As far as I know the cuneiform scripts, aside from the late ones like Ugaritic that were modelled on non-cuneiform alphabets or abjads, never had a lexicographic order.  Instead what they had was a canon of teaching texts -- syllabaries, thematic wordlists, homonym and homophone lists, bilingual dictionaries, vel sim. -- which between them were supposed to contain all the signs and sign combinations a scribe might need.  The dictionaries, Akkadian-Sumerian being the principal ones, had some local organising principles like going through multiple uses of the same sign together, or words with the same determinative together, but there was no notion of a global order to the writing system that they followed.  The stroke-based order seen in modern sign lists, first horizontals then diagonals then Winkelhaken then verticals etc., is a modern invention.
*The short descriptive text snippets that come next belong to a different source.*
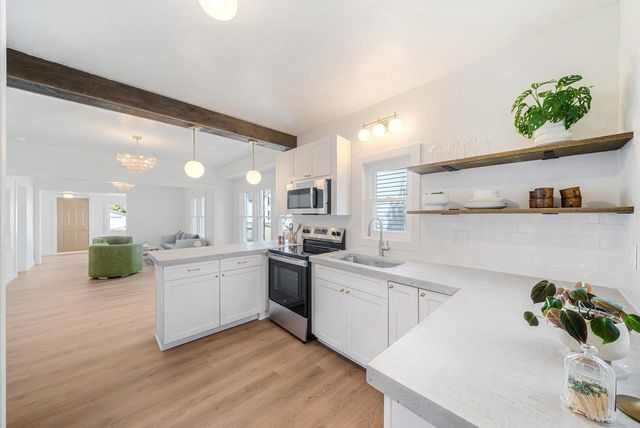 821 W 6TH AVENUE, Oshkosh, WI 54902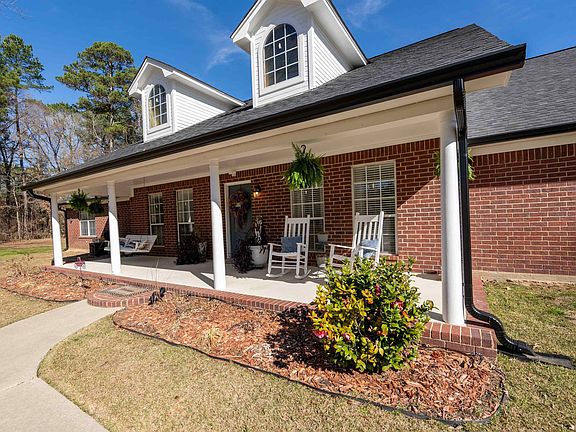 2nd image of 279 Rocking Chair Rd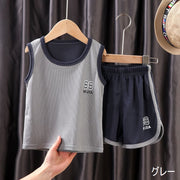 セットアップ 上下セット タンクトップ ハーフパンツ キッズ ジュニア ベビー 男の子 女の子 子供服 トップス ボトムス ノースリーブ 袖なし ラウンドネック 丸首 半ズボン メッシュ ウエストゴム ロゴ 英字 グレー ブルー カジュアル シンプル おしゃれ かわいい かっこいい スポーツ 運動 普段着 グリーン オレンジ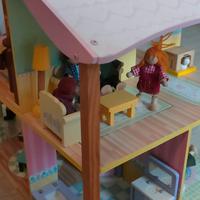 Casa delle bambole  in legno
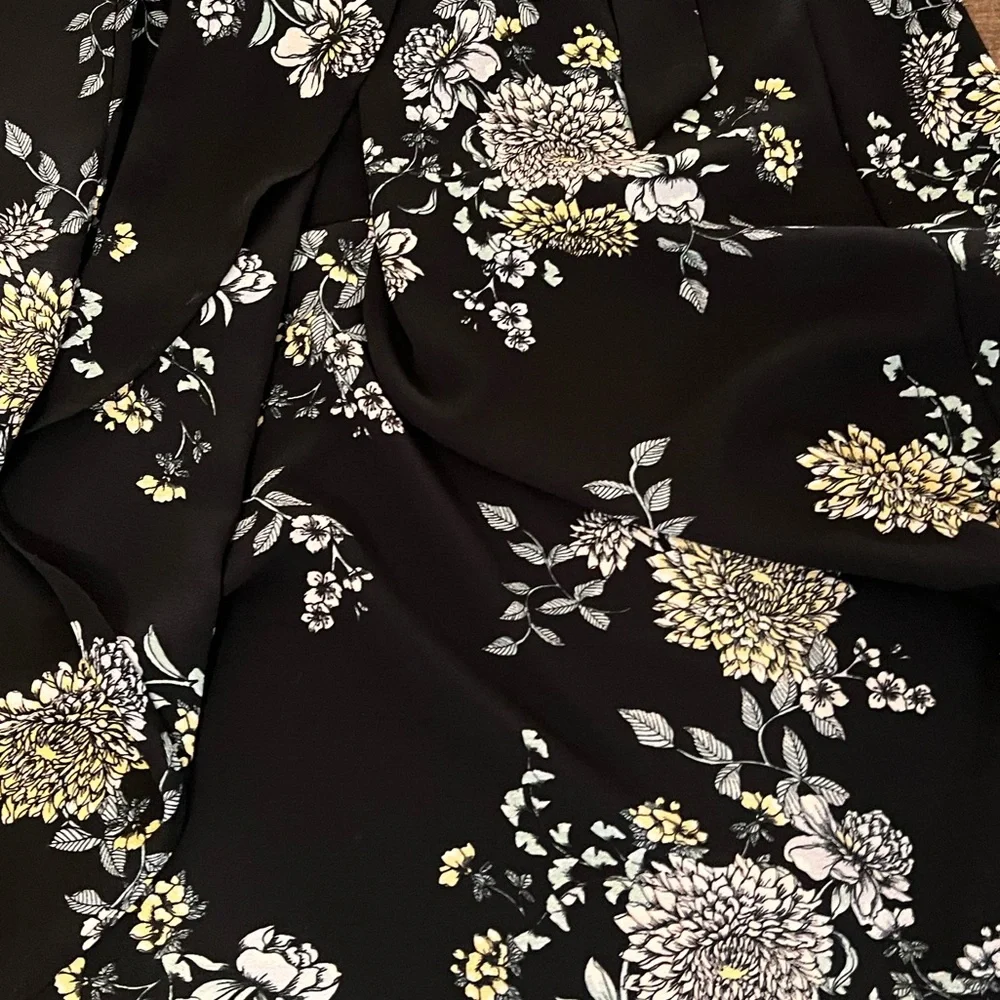 🖤🌿HOST PICK🌿🖤 Floral Romper Dress - Picture 2 of 6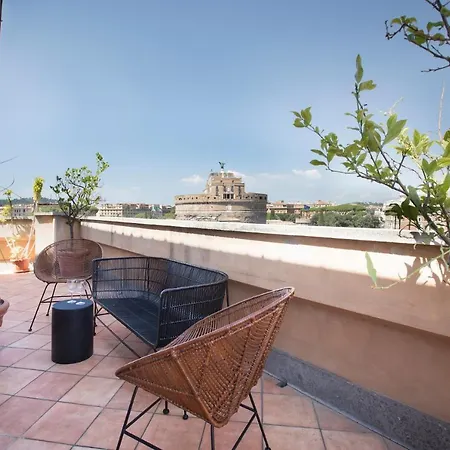 Six-bedroom On Lungotevere Degli Altoviti Apt 19 רומא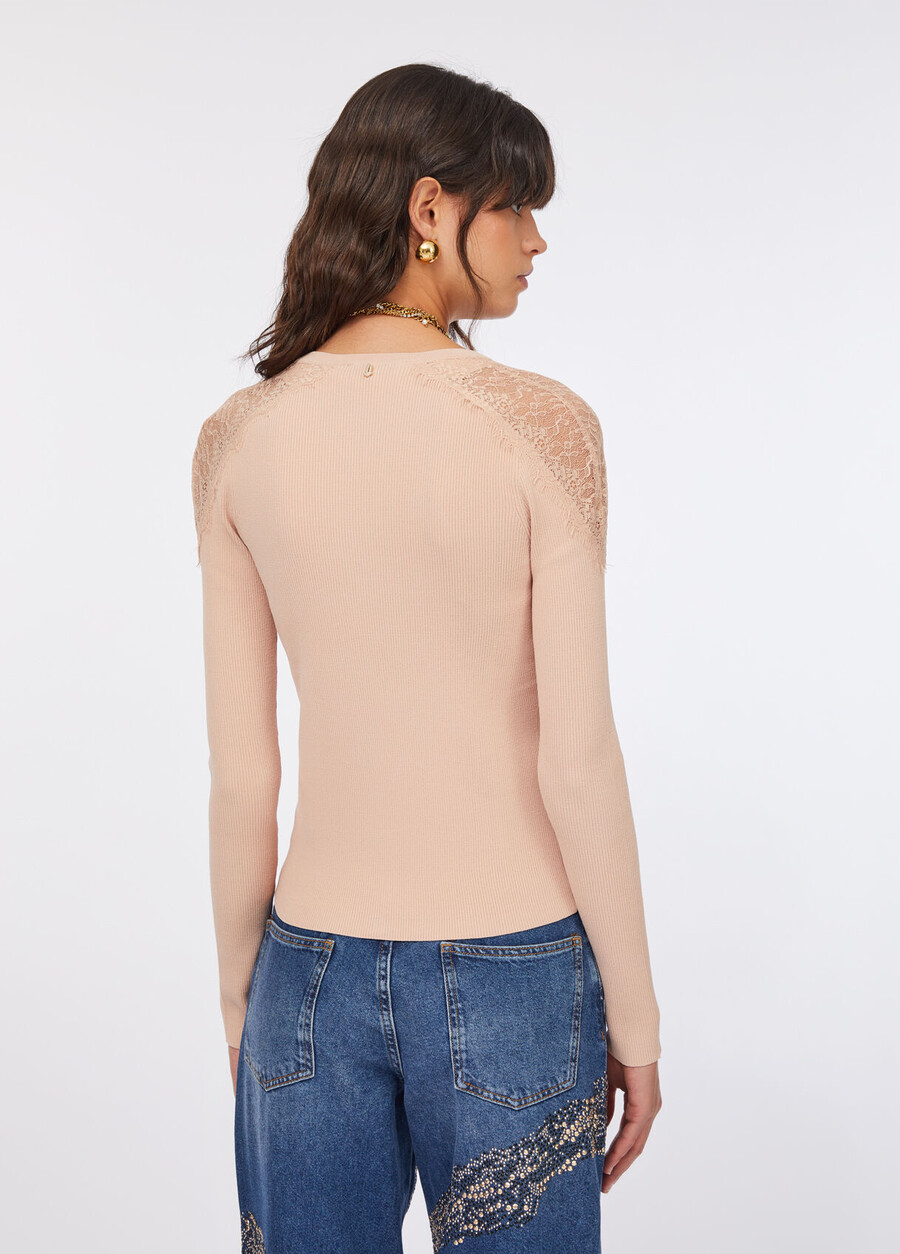 gilet en dentelle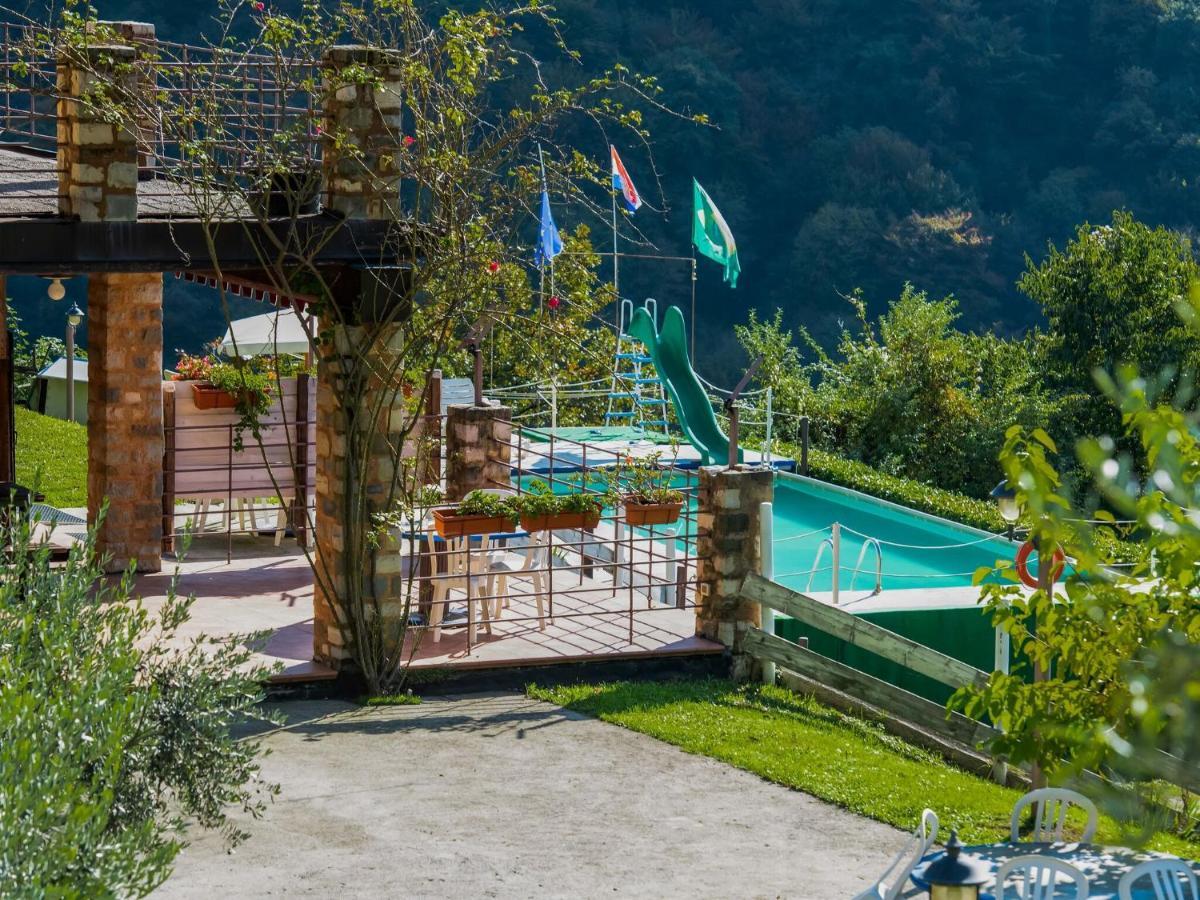 הוילה מארונה Beautiful Chalet With Swimming Pool In Lombardy מראה חיצוני תמונה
In Chinese too there were comparable traditions: you started by learning the Three Character Classic, the Thousand Character Classic, and the Hundred Family Surnames, all of which were supposed to expose you to enough characters to get on with.  Giving an order to all the characters was a later process and one with an initial proliferation of different standards.  Some tried to use the Thousand Character Classic as an ordering, although it wasn't comprehensive.  The radical-based system which eventually reached fixation was that of the Kangxi dictionary; when it was composed basically no two dictionaries used the same radical system.  Also, none of the systems were exactly *good*: they all had various judgment calls regarding which of two plausible analyses the writer liked.  (How 烏 didn't end up under ⿃ in Kangxi is beyond me...)  It's enough of a mess that, even today, the Sinosphere's equivalent of our spelling bees are dictionary lookup bees.

All that said, if in Siye there is a clear formally-distinguished set of syllabic characters, including |CVV| vowel-contracted characters and whatnot, plus a minor residue of logograms (as I seem to remember from the last time you showed it off), I might expect that there would be an order for the phonetic characters, and logograms would be indexed by (some fixed citation) reading.